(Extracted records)
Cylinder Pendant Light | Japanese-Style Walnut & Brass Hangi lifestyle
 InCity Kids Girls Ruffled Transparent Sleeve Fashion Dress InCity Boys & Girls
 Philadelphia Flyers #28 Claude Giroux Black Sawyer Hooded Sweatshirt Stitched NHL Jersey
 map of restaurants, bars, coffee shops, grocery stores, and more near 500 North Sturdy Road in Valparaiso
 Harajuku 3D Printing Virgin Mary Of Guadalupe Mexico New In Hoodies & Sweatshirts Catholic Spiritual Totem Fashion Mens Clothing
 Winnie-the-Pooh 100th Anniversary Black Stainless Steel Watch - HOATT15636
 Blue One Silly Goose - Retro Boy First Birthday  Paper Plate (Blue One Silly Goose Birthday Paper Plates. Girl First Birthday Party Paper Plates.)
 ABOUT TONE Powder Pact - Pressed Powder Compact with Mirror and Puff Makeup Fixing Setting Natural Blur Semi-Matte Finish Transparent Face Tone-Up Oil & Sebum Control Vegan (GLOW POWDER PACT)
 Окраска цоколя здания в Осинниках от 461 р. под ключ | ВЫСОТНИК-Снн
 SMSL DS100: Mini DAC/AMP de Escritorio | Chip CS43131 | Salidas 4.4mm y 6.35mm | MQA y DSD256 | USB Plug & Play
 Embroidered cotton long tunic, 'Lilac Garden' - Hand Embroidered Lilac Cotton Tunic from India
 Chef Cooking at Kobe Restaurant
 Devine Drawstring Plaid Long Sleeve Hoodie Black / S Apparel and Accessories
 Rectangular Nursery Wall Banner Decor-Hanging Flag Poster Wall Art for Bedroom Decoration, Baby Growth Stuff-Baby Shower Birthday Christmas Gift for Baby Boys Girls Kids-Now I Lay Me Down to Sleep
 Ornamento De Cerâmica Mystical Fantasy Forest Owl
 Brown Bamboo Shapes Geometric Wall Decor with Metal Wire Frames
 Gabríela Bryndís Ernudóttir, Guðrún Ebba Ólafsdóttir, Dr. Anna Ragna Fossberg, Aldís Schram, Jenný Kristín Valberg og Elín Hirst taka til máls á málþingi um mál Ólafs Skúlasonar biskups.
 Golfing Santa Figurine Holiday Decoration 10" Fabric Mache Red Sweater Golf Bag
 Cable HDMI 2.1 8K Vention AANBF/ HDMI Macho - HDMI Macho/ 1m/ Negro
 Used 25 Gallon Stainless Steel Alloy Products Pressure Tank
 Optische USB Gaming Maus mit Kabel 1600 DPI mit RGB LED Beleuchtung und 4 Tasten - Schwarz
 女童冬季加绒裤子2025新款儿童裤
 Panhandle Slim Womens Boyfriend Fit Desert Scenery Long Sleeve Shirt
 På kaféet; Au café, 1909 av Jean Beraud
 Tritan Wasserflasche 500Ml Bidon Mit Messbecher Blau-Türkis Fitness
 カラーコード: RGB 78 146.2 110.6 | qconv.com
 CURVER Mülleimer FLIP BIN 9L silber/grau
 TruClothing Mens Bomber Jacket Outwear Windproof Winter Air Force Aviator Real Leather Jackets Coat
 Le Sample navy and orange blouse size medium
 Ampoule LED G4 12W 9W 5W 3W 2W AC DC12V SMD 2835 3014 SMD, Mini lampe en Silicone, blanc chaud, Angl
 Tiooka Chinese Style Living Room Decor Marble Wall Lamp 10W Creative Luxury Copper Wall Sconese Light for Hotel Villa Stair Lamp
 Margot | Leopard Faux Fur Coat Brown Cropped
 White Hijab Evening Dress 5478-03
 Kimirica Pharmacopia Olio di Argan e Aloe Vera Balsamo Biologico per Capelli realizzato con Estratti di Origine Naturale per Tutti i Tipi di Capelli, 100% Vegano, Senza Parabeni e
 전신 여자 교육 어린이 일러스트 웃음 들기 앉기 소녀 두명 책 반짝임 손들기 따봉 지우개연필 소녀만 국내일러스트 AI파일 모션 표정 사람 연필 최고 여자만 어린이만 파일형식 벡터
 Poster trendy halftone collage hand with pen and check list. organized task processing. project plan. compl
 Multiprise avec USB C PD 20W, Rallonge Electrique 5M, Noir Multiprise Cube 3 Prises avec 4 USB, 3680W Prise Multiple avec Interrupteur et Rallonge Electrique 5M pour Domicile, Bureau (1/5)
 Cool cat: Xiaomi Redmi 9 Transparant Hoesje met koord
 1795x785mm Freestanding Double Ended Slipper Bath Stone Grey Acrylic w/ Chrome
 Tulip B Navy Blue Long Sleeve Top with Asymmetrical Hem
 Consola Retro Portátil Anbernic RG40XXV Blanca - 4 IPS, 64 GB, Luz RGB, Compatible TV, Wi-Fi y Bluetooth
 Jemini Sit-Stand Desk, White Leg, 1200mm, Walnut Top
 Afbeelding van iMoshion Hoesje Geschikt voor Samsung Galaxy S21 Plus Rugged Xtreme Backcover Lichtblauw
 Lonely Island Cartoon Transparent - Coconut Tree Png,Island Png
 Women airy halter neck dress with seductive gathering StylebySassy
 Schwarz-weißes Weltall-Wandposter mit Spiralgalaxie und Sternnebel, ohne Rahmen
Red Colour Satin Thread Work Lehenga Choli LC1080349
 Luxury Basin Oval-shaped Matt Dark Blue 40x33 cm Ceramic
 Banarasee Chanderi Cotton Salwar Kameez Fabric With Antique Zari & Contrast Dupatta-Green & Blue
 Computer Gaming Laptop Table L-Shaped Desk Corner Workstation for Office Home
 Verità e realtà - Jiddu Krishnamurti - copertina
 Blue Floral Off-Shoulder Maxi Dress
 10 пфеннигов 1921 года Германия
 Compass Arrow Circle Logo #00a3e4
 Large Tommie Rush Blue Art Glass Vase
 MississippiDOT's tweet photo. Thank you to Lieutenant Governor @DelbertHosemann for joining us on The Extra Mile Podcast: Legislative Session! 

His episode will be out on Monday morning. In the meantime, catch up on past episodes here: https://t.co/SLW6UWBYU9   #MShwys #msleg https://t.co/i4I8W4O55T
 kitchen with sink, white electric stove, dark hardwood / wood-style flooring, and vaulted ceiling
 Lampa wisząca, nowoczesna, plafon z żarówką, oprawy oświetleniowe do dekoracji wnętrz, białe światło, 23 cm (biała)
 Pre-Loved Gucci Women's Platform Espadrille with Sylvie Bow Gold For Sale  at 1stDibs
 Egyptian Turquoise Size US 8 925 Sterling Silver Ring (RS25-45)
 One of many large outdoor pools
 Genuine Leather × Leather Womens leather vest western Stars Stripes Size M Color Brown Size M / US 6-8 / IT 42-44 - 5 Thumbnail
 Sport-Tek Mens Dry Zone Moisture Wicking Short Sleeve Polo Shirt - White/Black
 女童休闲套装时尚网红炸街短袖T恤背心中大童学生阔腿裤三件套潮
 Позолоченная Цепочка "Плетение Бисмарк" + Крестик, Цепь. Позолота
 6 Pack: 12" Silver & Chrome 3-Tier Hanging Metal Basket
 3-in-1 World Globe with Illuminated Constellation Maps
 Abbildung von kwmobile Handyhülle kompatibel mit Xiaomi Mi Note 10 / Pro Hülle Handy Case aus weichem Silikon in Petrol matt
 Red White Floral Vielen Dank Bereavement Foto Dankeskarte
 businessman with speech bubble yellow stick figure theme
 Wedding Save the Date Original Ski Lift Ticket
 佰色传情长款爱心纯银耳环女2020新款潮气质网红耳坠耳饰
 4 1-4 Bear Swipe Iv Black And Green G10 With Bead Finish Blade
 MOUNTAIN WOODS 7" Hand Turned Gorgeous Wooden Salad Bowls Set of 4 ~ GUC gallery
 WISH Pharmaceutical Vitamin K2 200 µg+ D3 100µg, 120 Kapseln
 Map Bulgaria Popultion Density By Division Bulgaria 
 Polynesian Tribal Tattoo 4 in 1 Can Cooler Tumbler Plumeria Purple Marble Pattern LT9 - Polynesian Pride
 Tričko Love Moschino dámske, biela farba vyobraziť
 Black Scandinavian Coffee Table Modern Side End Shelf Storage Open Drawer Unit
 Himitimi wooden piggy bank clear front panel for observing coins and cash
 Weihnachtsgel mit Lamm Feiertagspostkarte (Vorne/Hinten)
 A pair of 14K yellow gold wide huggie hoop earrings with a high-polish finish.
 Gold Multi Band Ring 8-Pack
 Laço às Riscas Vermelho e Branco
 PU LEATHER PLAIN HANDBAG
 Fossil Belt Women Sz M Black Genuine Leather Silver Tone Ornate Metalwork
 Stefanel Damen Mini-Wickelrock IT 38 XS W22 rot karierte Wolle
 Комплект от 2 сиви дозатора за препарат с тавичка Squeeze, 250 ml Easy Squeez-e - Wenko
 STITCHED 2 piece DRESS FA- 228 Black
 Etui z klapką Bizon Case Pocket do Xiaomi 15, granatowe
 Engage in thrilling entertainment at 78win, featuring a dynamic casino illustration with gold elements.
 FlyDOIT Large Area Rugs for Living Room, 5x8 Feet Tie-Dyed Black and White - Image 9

● Task goal: Go line by line through the records and copy those that contain the word "Table".

● Finished task:
 Computer Gaming Laptop Table L-Shaped Desk Corner Workstation for Office Home
 Black Scandinavian Coffee Table Modern Side End Shelf Storage Open Drawer Unit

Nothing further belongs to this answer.